Heijmans, another Dutch construction company, went from +3.0 to +2.87. Almost no change. That makes sense: Heijmans is really extremely cheap within its sector, not just globally. The refactor revealed which signals were genuine and which were exaggerated by my measurement error.
Why this matters
What happened here is a classic problem in factor models. When you measure something across a mixed population, you get distortion from structural differences between subgroups.
Tech companies have fundamentally higher multiples than dredging companies. That has nothing to do with whether a specific company is over- or undervalued. It's a property of the sector. Software has higher margins, more scale advantages, less capital intensity. Shareholders pay more per euro of profit for that, and that's rational.
If you don't correct for this, your factor scores get a sectoral bias. Industrials, Materials, and Energy always look "cheap" because they have fundamentally different multiples. Tech, Software, and Healthcare always look "expensive." Your system would constantly recommend old-economy stocks, not because they're fundamentally undervalued, but because they sit in a sector where lower multiples are normal.

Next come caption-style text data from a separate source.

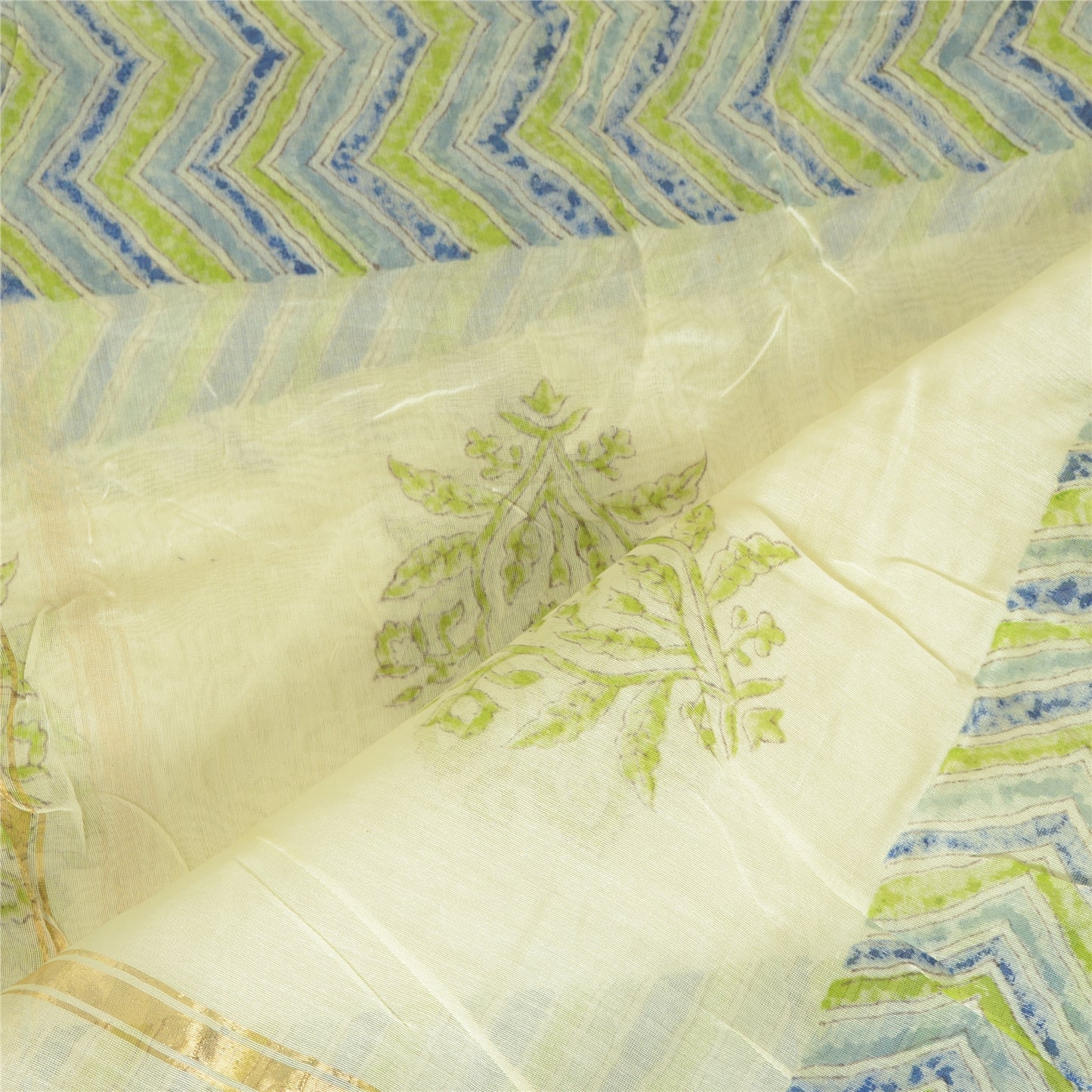 Sanskriti Vintage Lang Cremefarvet Dupatta/Stole Bomuld Silke Håndbloktrykt Hijab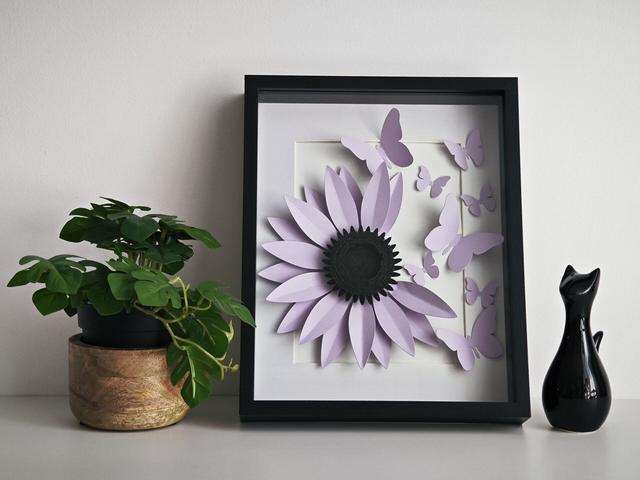 Cadre &quot;L&#039;envolée&quot; parme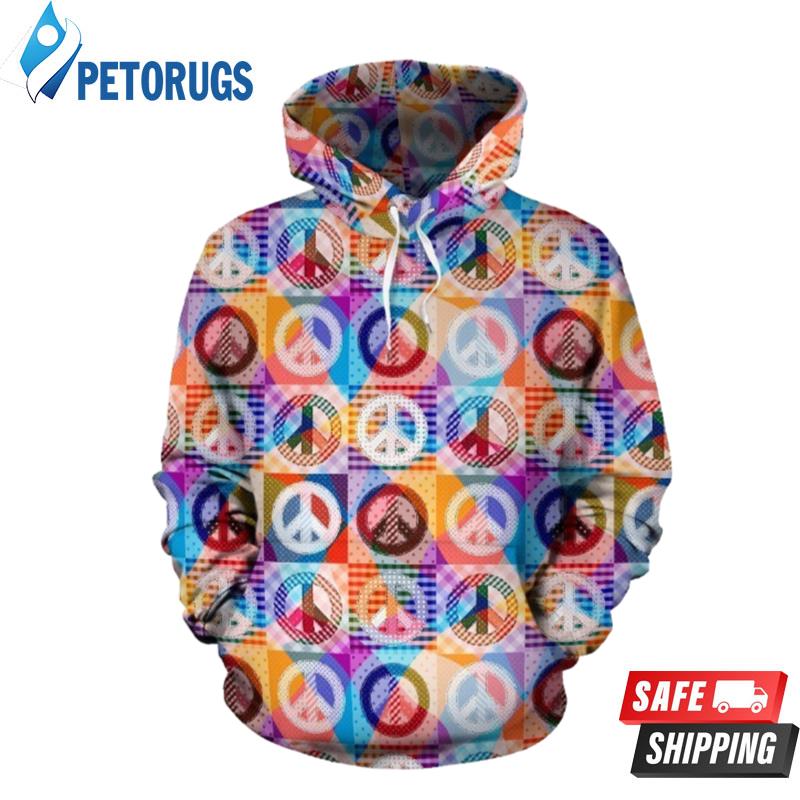Peace Sign Patchwork 3D Hoodie - Peto Rugs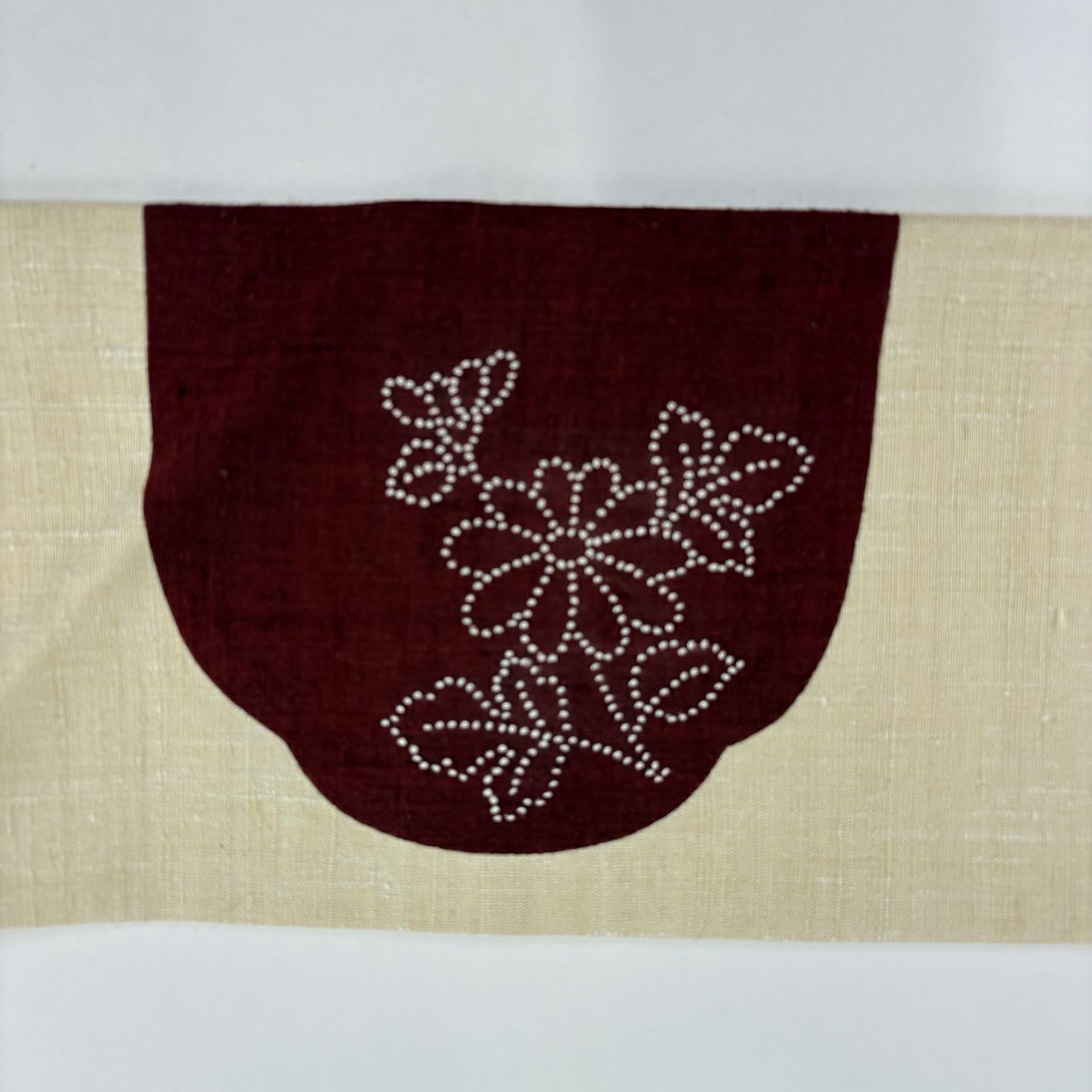 【美品】名古屋帶 秀品級 紬織織 草花紋刺繡 米色 純蠶絲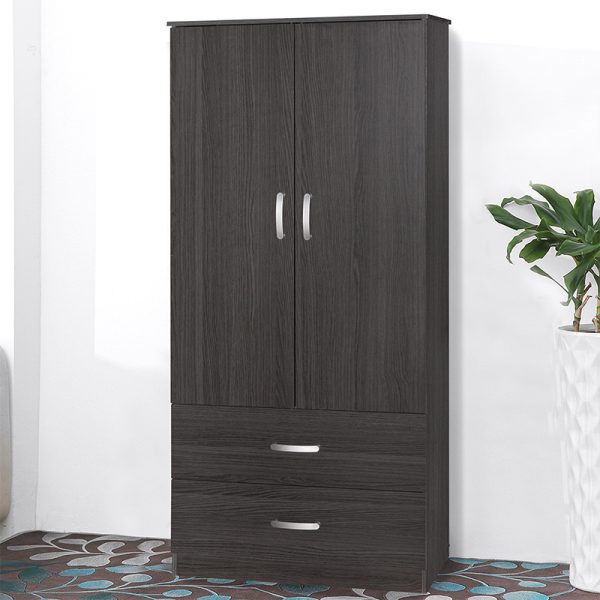 249 000009 2 12 Wardrobe Zelia pakoworld with 2 doors and drawers in wenge color 79x42x180cmIndoor furniture > Wardrobes
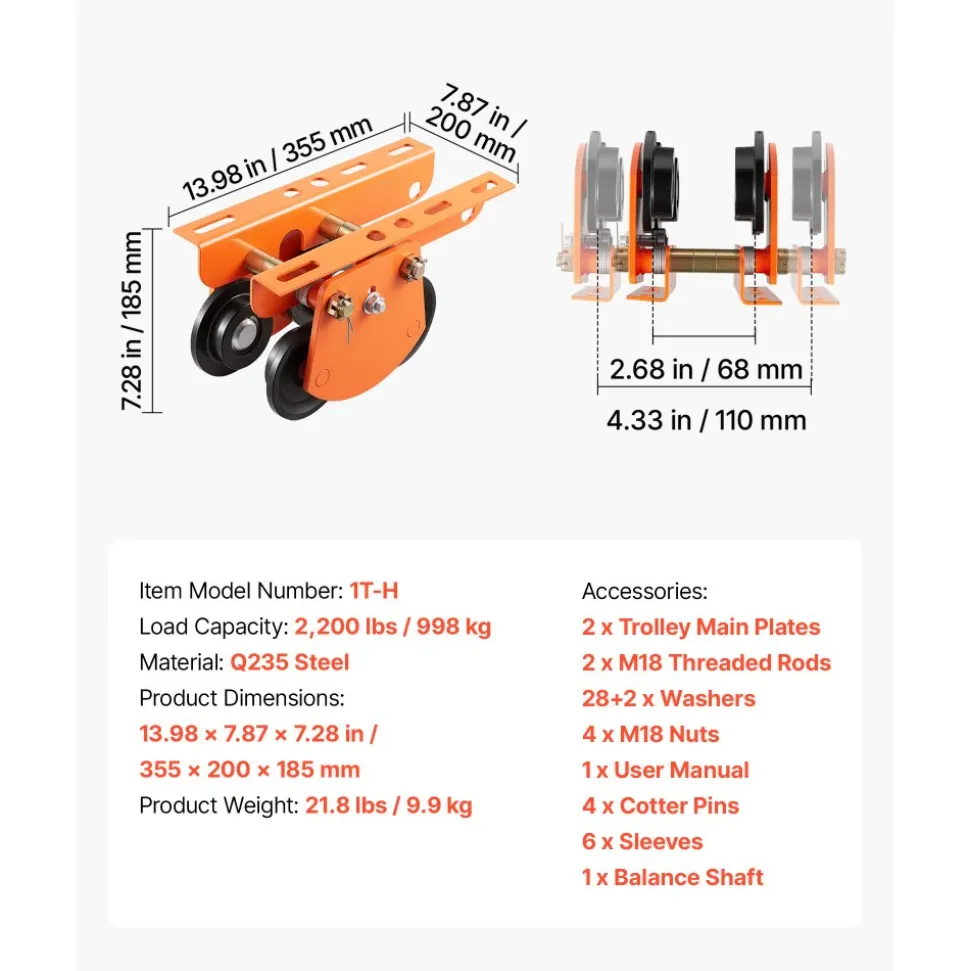 VEVOR Electric Hoist Manual Trolley, 2200 lbs/1 Ton Load for PA600 PA700 PA800 PA900 PA1000, Push Beam Trolley with Dual Wheels, 2.68"-4.33" Adjustable Beam Flange Width for Straight & Curved I-Beam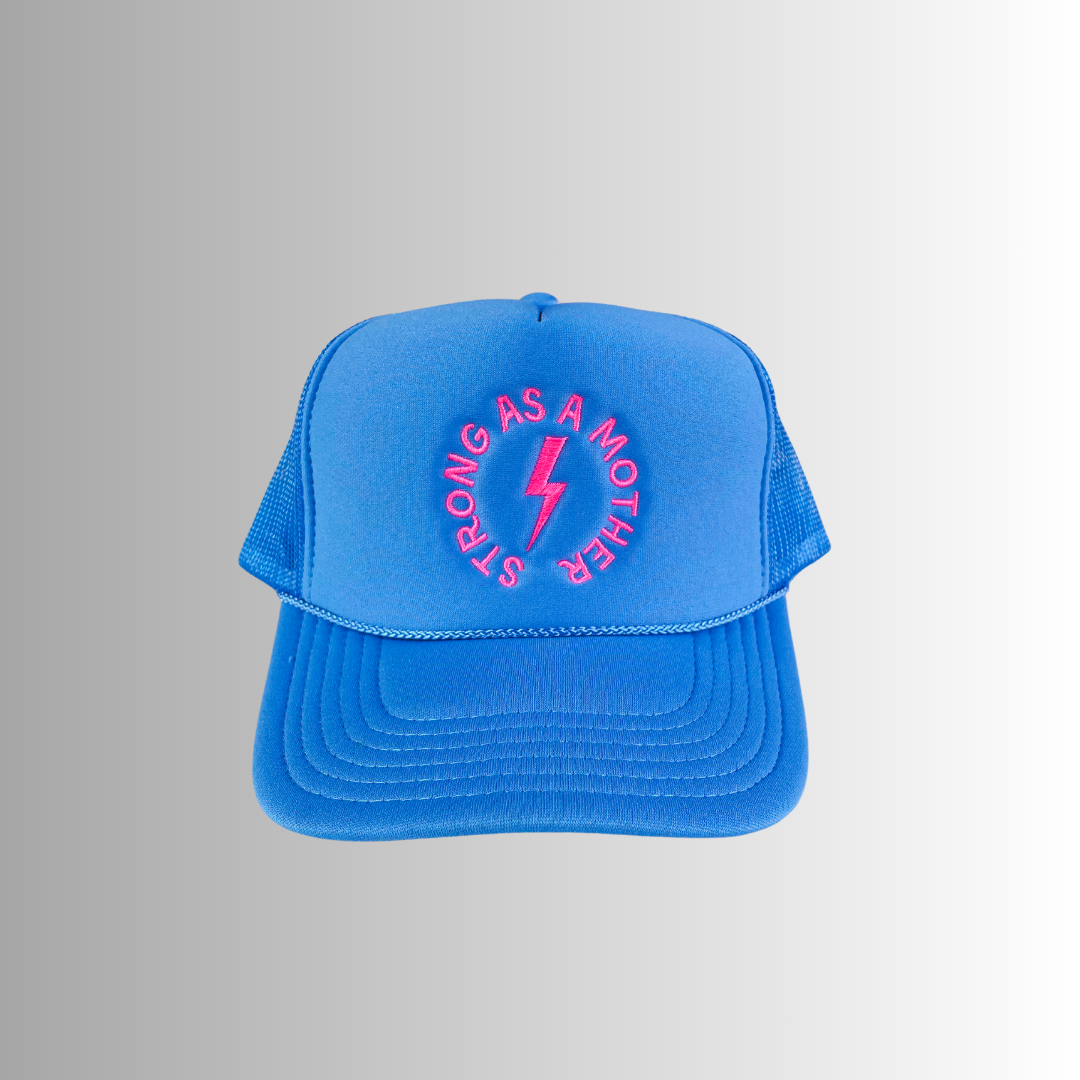 "Strong as a mother" Embroidered Trucker Hat - Sky Blue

That's exactly what my system did in June 2022. Boskalis at the top, BAMNB at number two, Heijmans at number three. All Dutch infrastructure and construction. No NVIDIA in sight. Not because tech was really overpriced versus the fundamental situation, but because my measuring stick was crooked.
The broader lesson
Building with data means continuously thinking about what you're comparing. Numbers in tables feel objective, but the way you relate them to each other is a choice, and that choice makes or breaks your system.
My trading system has been rewritten ten times or so to correct for thinking errors like this. Sometimes I found them myself. Sometimes Cursor, my AI that writes the code, pointed them out during the build. One time Stockopedia pointed it out, a commercial platform with different methods, drawing different conclusions about Boskalis than my system.
Three different systems looking at the same data can say three different things. That's not because one of them is wrong. It's because the assumptions are different. What comparison are you making? Which benchmark are you using? Which period? Which grouping?
For me the lesson was: there is no "natural" way to compare stocks. Every method makes implicit choices. The art is to make those choices explicit and to test whether they're logical for what you're trying to measure.
The refactor wasn't brilliant. It was correction of a thinking error that should have been there from the start. But that's how it goes. You build something, you let it run, you check if the outcomes make sense, and if they don't, you go back to the assumptions.
Boskalis at the top wasn't a buy signal. It was a signal that my measuring stick was crooked.